Estudo publicado na Revista Brasileira de Cancerologia estima que o país deve ter 781 mil novos casos de câncer por ano até 2028

5 FEV 2026 - 11H15 • Por Wilson Lopes
Ação da Prefeitura de Manaus (AM), intitulada "Almas que Florescem", que reuniu 55 mulheres em tratamento oncológico para um momento de autocuidado, acolhimento e união - João Viana/Prefeitura de Manaus (AM)

O estudo ‘Perfil Epidemiológico da Incidência de Câncer no Brasil e Regiões: Estimativas para o Triênio 2026-2028’, publicado por um conjunto de especialistas na edição 72 da Revista Brasileira de Cancerologia (RBC), estima que, para cada ano do triênio 2026/2028, aproximadamente 781 mil novos casos de câncer devem ocorrer no Brasil, o que equivale a 2.343.000 casos em três anos.

Segundo o estudo, o câncer configura-se como um dos principais problemas de saúde pública do século XXI, com impactos econômicos e repercussões expressivas para indivíduos, famílias, comunidades e sistemas de saúde. 

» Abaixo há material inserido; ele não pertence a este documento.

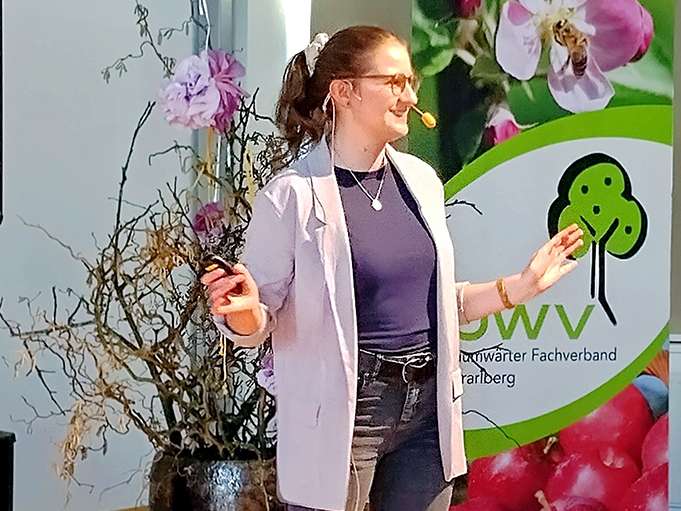 Obstbautag.jpg © LK Vbg.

“Globalmente, é responsável por quase uma em cada seis mortes (16,8%) e por aproximadamente uma em cada quatro mortes (22,8%) decorrentes de doenças crônicas não transmissíveis (DCNT). Além disso, estima-se que três em cada dez mortes prematuras por DCNT ocorram em decorrência do câncer (30,3% na faixa etária de 30 a 69 anos).” 

Os especialistas advertem que os números evidenciam o peso desproporcional da doença na carga global de mortalidade e seu papel como barreira crítica ao aumento sustentável da expectativa de vida em escala mundial.

Investigação

Para estimar o número de casos, o estudo considerou as bases de dados dos 31 Registros de Câncer de Base Populacional (RCBP), para o período compreendido entre os anos de 1988 a 2021. Quanto à mortalidade, as informações foram obtidas do Sistema de Informação sobre Mortalidade (SIM) do Departamento de Informática do Sistema Único de Saúde (DATASUS), para o período compreendido entre os anos de 1979 a 2023.

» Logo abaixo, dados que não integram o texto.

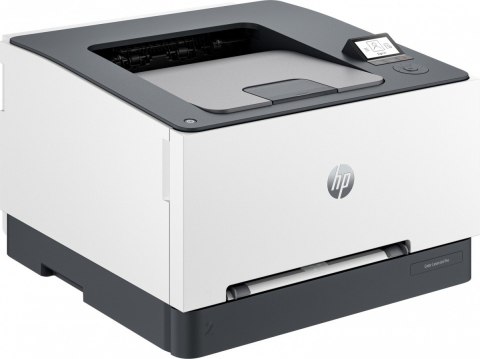 Drukarka HP Color LaserJet Pro 3202dw szybka kolorowa z duplexem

O estudo considerou 21 localizações primárias ou grupos de localizações de câncer: lábios e cavidade oral; esôfago; estômago; cólon e reto; fígado; pâncreas; laringe; traqueia, brônquio e pulmão; melanoma maligno da pele; outras neoplasias malignas da pele; mama feminina; colo do útero; corpo do útero; ovário; próstata; bexiga; sistema nervoso central; glândula tireoide; linfoma de Hodgkin; linfoma não Hodgkin e leucemias. 

Cânceres de mama e próstata

Dos 781 mil novos casos de câncer, excluindo-se o câncer de pele não melanoma, a estimativa é de aproximadamente 518 mil casos novos, dos quais 49,4% ocorrerão em homens (cerca de 256 mil casos) e 50,6% em mulheres (cerca de 262 mil casos). 

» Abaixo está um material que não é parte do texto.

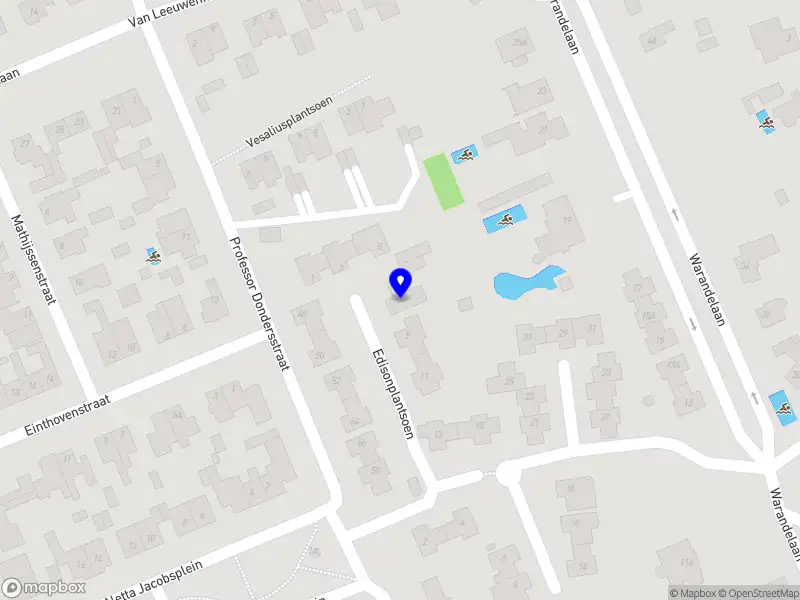 Stichting Administratiekantoor The Frame NL BV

A análise segundo o sexo mostra que, entre os homens, o câncer de próstata é o mais incidente (30,5% dos casos novos), seguido pelos cânceres de cólon e reto (10,3%), traqueia, brônquio e pulmão (7,3%), estômago (5,4%) e cavidade oral (4,8%). 

Entre as mulheres, o câncer de mama mantém-se como o mais frequente (30,0% dos casos novos), seguido pelo câncer de cólon e reto (10,5%), colo do útero (7,4%), traqueia, brônquio e pulmão (6,4%) e glândula tireoide (5,1%).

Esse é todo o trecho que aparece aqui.